Мысль о том, как ужасно мало ей потребовалось для того, чтобы опуститься до состояния безвольной куклы, привела девушку в ужас. Подумать только! Не прошло ещё и трое суток — а она уже отказывается от своего тела!
Катя принялась кричать. Она пела песни и выкрикивала матерные ругательства. Звала маму и проклинала похитителей. Но непослушные губы лишь слегка кривились в уродливых гримасах. То, что должно было быть оглушительно громким воплем, превращалось в сиплое хрипение чуть громче комариного жужжания. Слипшиеся в комок лёгкие не расправлялись в полную силу. Сердце стучало медленно и натужно, как погружённое в вязкую жижу. Катин мозг, неожиданно оказавшийся запертым в черепной коробке, истерически отдавал один приказ за другим. Приседай! Вытягивай руки! Делай мельницу! Прыгай!
Сперва ничего не происходило. Как поломанная заводная игрушка, Катино тело кружило по комнате на негнущихся ногах. Её босые ступни до крови царапались о неровности бетонного пола.
Приседай!
С радостным изумлением девушка почувствовала, как дрогнули мышцы бёдер. По ногам, начиная от кончиков расцарапанных пальцев, расползалось, слабо покалывая кожу, тепло. Есть! Есть!
Приседай!
Приседай!
Приседайприседайприседайприседайприседа…
Внезапно прорезался голос, и Катя заорала чужим, хриплым и низким голосом:
— Приседай!
Колени подогнулись, словно её ударили, и девушка, не удержавшись, рухнула назад. На спине и ягодицах появились алые полосы, на которых моментально набухли крохотные бусинки кровавых капель. Но пленница всё равно рассмеялась. Эта, хотя и совсем небольшая, победа будила надежду. Неловко ворочая руками и ногами, как перевернувшаяся на спину черепаха, Катя смогла лечь на бок. Голова гудела от напряжения, губы и язык пересохли.

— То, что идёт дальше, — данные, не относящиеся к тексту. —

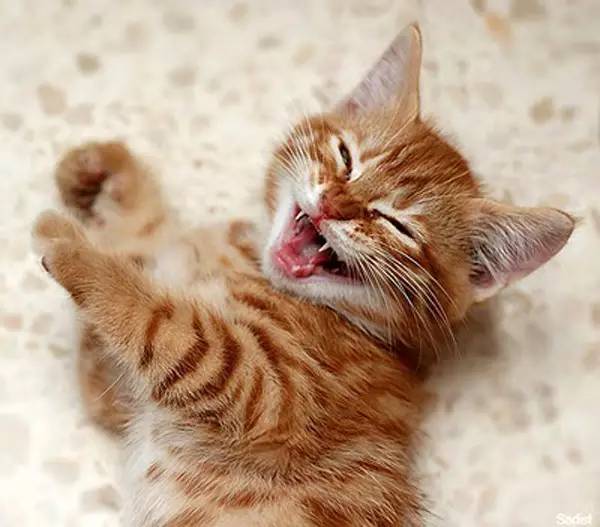 【养猫手册】11种猫奴必须记下来的猫咪叫声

«Неужели я так ослабла?..»
Скорее усилием воли, чем мышц, девушка заставила себя сесть на полу. Вернулось всё то, от чего она так стремилась сбежать: вонь, боль и страх. Но в то же время отступил холод, почти уже добравшийся до сердца, и от этого её мягкой волной накрыл восторг, близкий к эйфории. Холод почти добрался до сердца!
— Да я почти что Кай! — выкрикнула Катя и громко расхохоталась.
Её резкий, грубый смех всё звучал и звучал, а пленница никак не могла остановиться. Уже заболело между рёбер, а перед глазами поплыли разноцветные круги, а Катя всё хохотала, всхлипывая и подвывая. Наконец, воздуха у неё в лёгких не осталось вовсе, и она забилась на полу, хрипло дыша.
— Кай… — в последний раз выдохнула Катя. — Кай…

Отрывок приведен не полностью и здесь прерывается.